Todos os filósofos, legisladores e fundadores de Impérios tiveram antecessores. Só Moisés está sem antecessores.
“Em Moisés tem princípio a época da ameaça. Deus se converteu, de Pai que era, em Senhor; o povo, de filho que era, em escravo: Deus lhe tira a liberdade, em castigo de suas prevaricações e em prêmio de seu resgate. “Eu sou vosso Deus, e vós sois meu povo, havia dito Deus aos santos Patriarcas”; “Eu sou teu Senhor e teu proprietário: o que te livrou da escravidão dos Faraós, isto disse Deus pela boca de Moisés a seu povo prevaricador e rebelde. Deus deixa de falar doce e secretamente aos homens; os anjos já não visitam suas tendas…
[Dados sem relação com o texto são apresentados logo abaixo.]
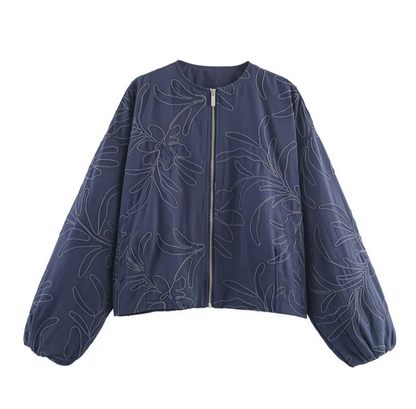 Veste matelassée bleu marine à motifs brodés – Style oversize chic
“Moisés que é o maior de todos os filósofos, o maior de todos os fundadores de Impérios, é também o maior de todos os poetas.
“A águia do Sinai subiu até o trono resplandecente de Deus, e teve debaixo de suas asas todo o orbe da terra … Na epopéia bíblica, tudo é local e geral, ao mesmo tempo. O Deus de Israel é o Deus de todas as gentes: o povo de Israel é sombra e figura de todos os homens.
* Maria, mais bela do que toda a criação!
“Para conhecer a mulher por excelência; para ter notícia do encargo que recebeu de Deus: para considerar em toda sua beleza imaculada e altíssima; para formar-se alguma idéia de sua influência santificadora, não basta por a vista naqueles belíssimos tipos da poesia hebraica…
“O verdadeiro tipo, o exemplar verdadeiro da mulher não é Rebeca, nem Débora, nem a esposa dos Cânticos dos Cânticos. É necessário ir mais além, e subir mais alto; é necessário chegar à Plenitude dos Tempos, ao cumprimento da primitiva promessa, para surpreender a Deus formando o tipo perfeito da mulher, é necessário subir até o Trono resplandecente de Maria.
“Maria é uma criatura à parte, mais bela por si só que toda a criação; a terra não é digna de servi-la de peanha, nem de almofada os tecidos de brocado; sua alvura excede à neve, “su rosicler al rosicler de los ocielos”, seu resplendor ao esplendor das estrelas.
“Maria é amada de Deus, venerada dos homens, servida dos Anjos. O homem é uma criatura nobilíssima, porque é senhor da terra, cidadão do céu, filho de Deus, porém a mulher se lhe adianta, lhe deslustra e vence, porque Maria tem títulos mais doces e atributos mais altos.
O Pai a chama Filha, e lhe envia embaixadores; o Espírito Santo a chama Esposa, e faz-lhe sombra com suas asas; o Filho a chama Mãe, e faz sua morada em seu sacratíssimo claustro; os Serafins compõem sua corte; os céus a chamam Rainha; os homens a chamam Senhora; nasceu sem mancha, viveu sem pecado, salvou o mundo e morreu sem dor.*
“Vede aí a mulher. Porque Deus, em Maria, as santificou a todas: às virgens, porque ela foi Virgem; às esposas, porque Ela foi Esposa; às viúvas, porque Ela foi Viúva; às filhas, porque ela foi Filha; às mães, porque Ela foi Mãe.
“Grandes e portentosas maravilhas tem obrado o cristianismo no mundo; ele tem feito paz entre o Céu e a terra; tem destruído a escravidão; … porém a mais portentosa de todas as maravilhas, a que mais profundamente tem influído na constituição da sociedade doméstica e da civil, é a santificação da mulher… O Salvador pôs sob seu amparo Madalena, e ao pé da Cruz estavam juntas sua inocentíssima Mãe e a arrependida pecadora, para dar-nos assim, a entender, que seus amorosos braços estavam abertos … à inocência e ao arrependimento.

(Donoso Cortês, Obras Completas, Ed. S. Francisco de Sales, Madrid, 1904, V. II, pp. 67 a 97).